If we adopt the view that p values are not inferential statistics per se, but stand as important critiques of potential inferences, certain things are obvious:
- NHST is flawed, because it considers the p value an inferential statistic, missing the point. NHST, rather, offers a method to avoid critiquing one’s inference in its automaticity.
- Confidence intervals won’t solve the central problem, because the way most people interpret them has the same issue as NHST: a lack of robust self-critique. Thinking that the “plausible” values are within the interval (rather than the frequentist “values outside the CI are ruled out”-type logic) is problematic in the same way as simple rules about p values.

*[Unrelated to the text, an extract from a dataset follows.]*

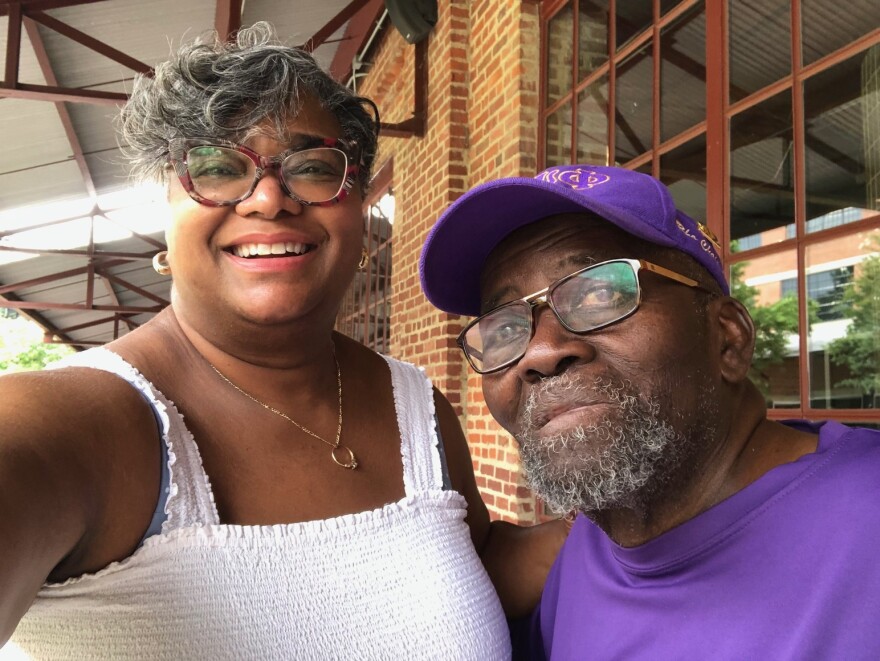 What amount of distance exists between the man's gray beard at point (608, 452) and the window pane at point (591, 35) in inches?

- p values can live along side other ways of thinking about statistics. Frequentist critiques of Bayesian methods are important to keep Bayesian methods “open” (and avoiding being fooled) and Bayesian (or fiducial) critiques of frequentism are important to understanding statistical evidence (what is a “good” test statistic?).

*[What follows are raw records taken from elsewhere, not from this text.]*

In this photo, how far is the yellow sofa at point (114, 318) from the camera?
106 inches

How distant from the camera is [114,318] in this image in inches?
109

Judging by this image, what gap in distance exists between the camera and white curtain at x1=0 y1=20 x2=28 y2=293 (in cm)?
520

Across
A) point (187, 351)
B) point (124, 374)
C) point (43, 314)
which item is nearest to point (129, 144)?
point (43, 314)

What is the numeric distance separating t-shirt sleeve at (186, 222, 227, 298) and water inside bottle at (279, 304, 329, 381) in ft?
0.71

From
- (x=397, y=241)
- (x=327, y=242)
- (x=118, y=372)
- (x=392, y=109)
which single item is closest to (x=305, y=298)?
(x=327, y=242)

- Even in situations where p values are difficult or impossible to compute, the basic logic of self-skepticism applies. p values are a method to facilitate skepticism, but as I have pointed out, not the only one.

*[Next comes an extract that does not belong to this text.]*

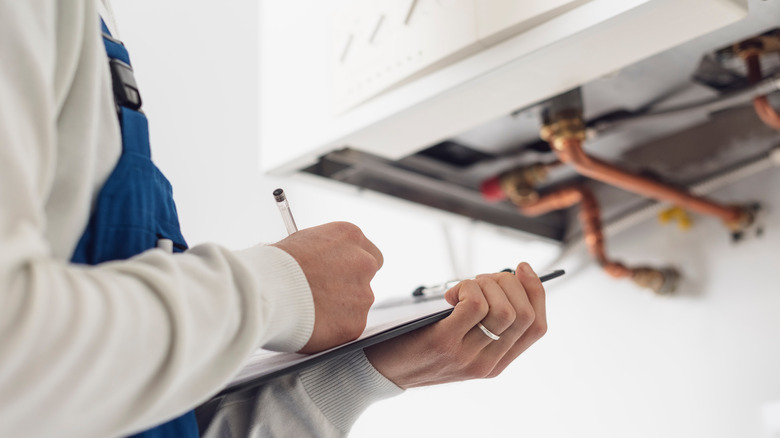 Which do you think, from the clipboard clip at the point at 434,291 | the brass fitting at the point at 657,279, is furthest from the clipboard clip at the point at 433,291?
the brass fitting at the point at 657,279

I want to stress that none of these thoughts are new — Mayo’s new book lays out a similar, and more detailed, account. I did want to start to articulate the ideas from my own perspective.
With recent calls to ban p values (including my own, in the past), I now worry that we will lose something important. Statisticians won’t lose it, of course; they will continue to apply the basic logic (through simulation or thought experiments). What abolishing the p value will do is make the reasoning inaccessible to everyone else. This would be a Brexit-like disaster; it is the active researcher that most needs the self-critique that p values, properly interpreted, provide; and it would be hard to overcome.
¹ There are some who deny the usefulness of the frequentist conception of probability altogether, and would deny the usefulness of the idea of sampling. I know of no working scientist who does; I take it for granted that sampling is a useful model for understanding variability and its consequences. Even though who deny the usefulness of frequentist inference typically grant frequentist sampling properties.